Eligibility Criteria
Ages Eligible for Study
18 years and older (Adult, Older Adult)
Accepts Healthy Volunteers
No
Description
Inclusion Criteria:
- Metastatic histologically or cytologically confirmed uveal melanoma with pathologic confirmation at a participating center that is judged to be progressive in the opinion of the treating physician.
- Measurable disease. Patients with biopsy-proven metastatic disease that do not meet criteria for measurable disease may be eligible at the discretion of the principal investigator.

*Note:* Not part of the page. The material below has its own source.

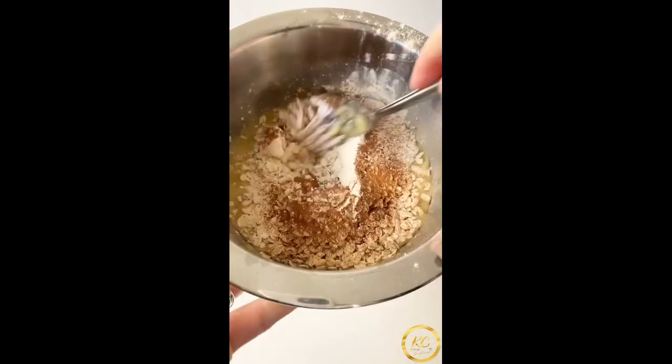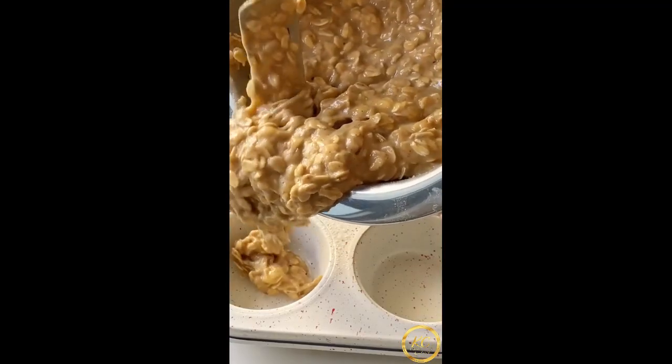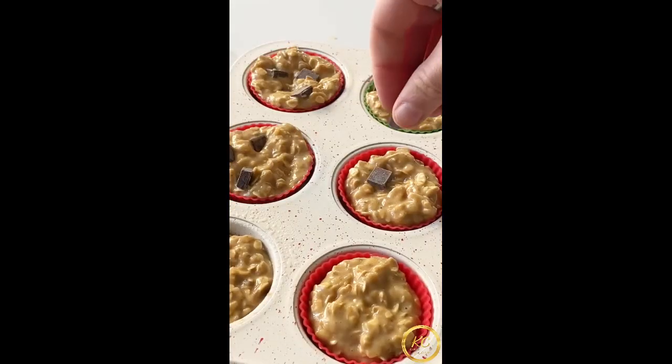The recipe is gonna be in the caption, but basically mix all these ingredients together in a bowl, put it into a muffin tin, bake for around 15 to 17 minutes, and that is it.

- Prior cytotoxic therapy and immunotherapy are allowed. For the dose escalation, prior targeted therapy with a MEK inhibitor, Protein Kinase C inhibitor, Akt, or mechanistic target of rapamycin (mTOR) inhibitor are allowed. For the dose expansion cohort, no prior PKC, Akt, or mTOR inhibitors are allowed. Local therapies such as radiofrequency ablation or cryotherapy for metastatic disease are permitted but must have been performed at least 21 days prior to initiation of study therapy.

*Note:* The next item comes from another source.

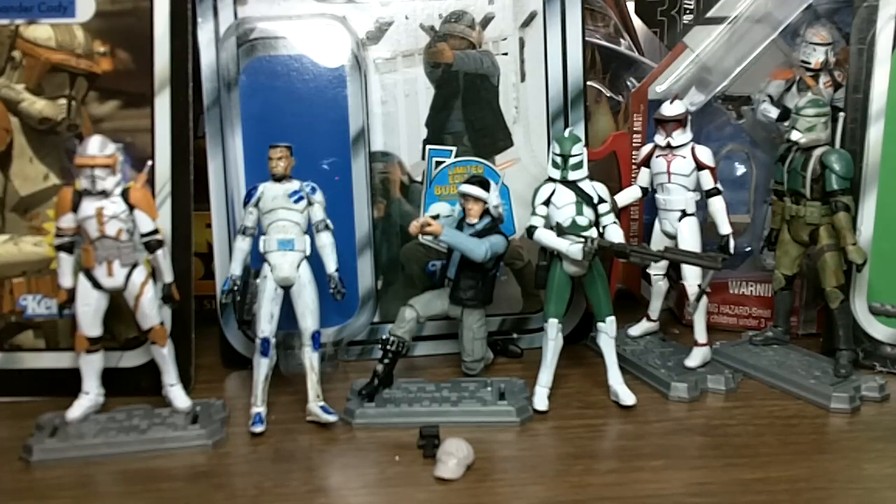Hello again, Star Wars Collectors. This time around I have Hall of Night Broadcast episode 19. Three more Hall of Night Broadcasts left to go of the season. This last Hall of Night Broadcast I'm going to plan to be my 100th video, in case you don't know that already. Let's get on to this.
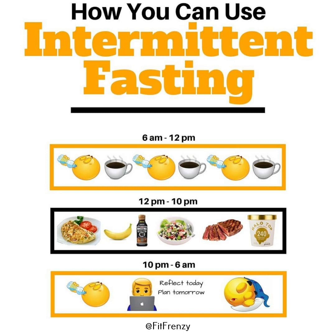Squatting is a powerful lower body exercise that targets the quadriceps, hamstrings, glutes and calves, as well as the lower back and core for stabilisation. It's a functional movement that mimics everyday activities like sitting and standing, making it essential for building leg strength and endurance.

- Age greater than or equal to 18 years
- Willingness to undergo core biopsies at baseline, mid-Cycle 1, and/or at progression unless contraindicated by medical risk in the opinion of the treating physician.
- Easter Cooperative Oncology Group (ECOG) performance status less than or equal to 2 (Karnofsky greater than or equal to 60 percent).

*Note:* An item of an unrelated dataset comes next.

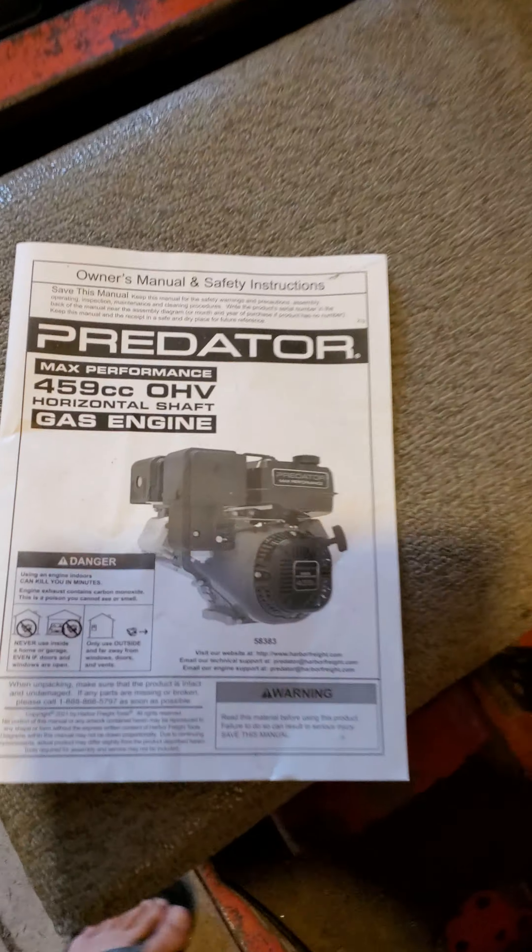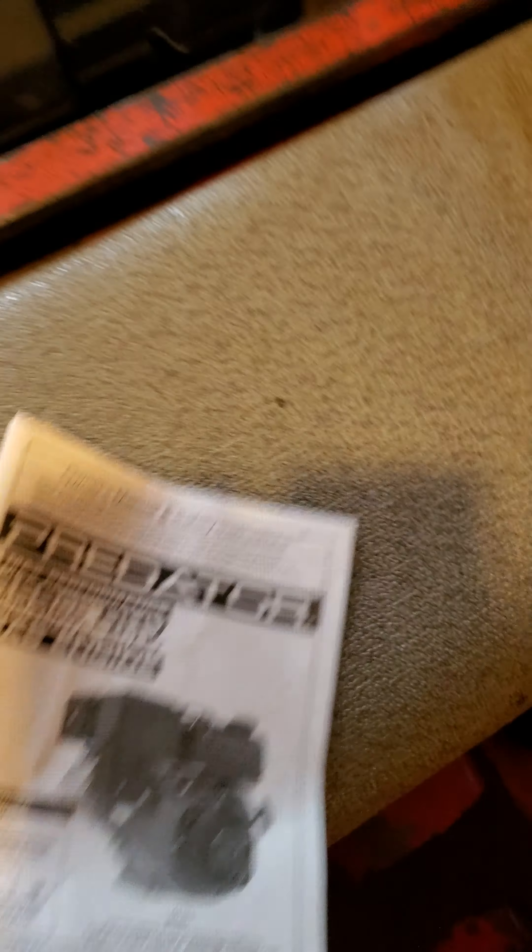It had the original 14 horse Kohler motor in it, and what we went with is the Predator 459. It's a 15.8 horse.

- Life expectancy of greater than 3 months.
- Able to swallow and retain medication and does not have any clinically significant gastrointestinal abnormalities that may alter absorption such as malabsorption syndrome or major resection of the stomach or bowels.
- Fasting plasma glucose (FPG) less than 140 mg/dL / 7.8 mmol/L.
- All prior treatment-related toxicities must be grade less than or equal to 1 (except alopecia).
- Patients must have adequate organ and marrow function within 14 days of starting Cycle 1, Day 1 of therapy
- Women of child-bearing potential and men must agree to use adequate contraception prior to study entry and for the duration of study participation. Women of child-bearing potential must have a negative serum pregnancy test within 14 days prior to registration.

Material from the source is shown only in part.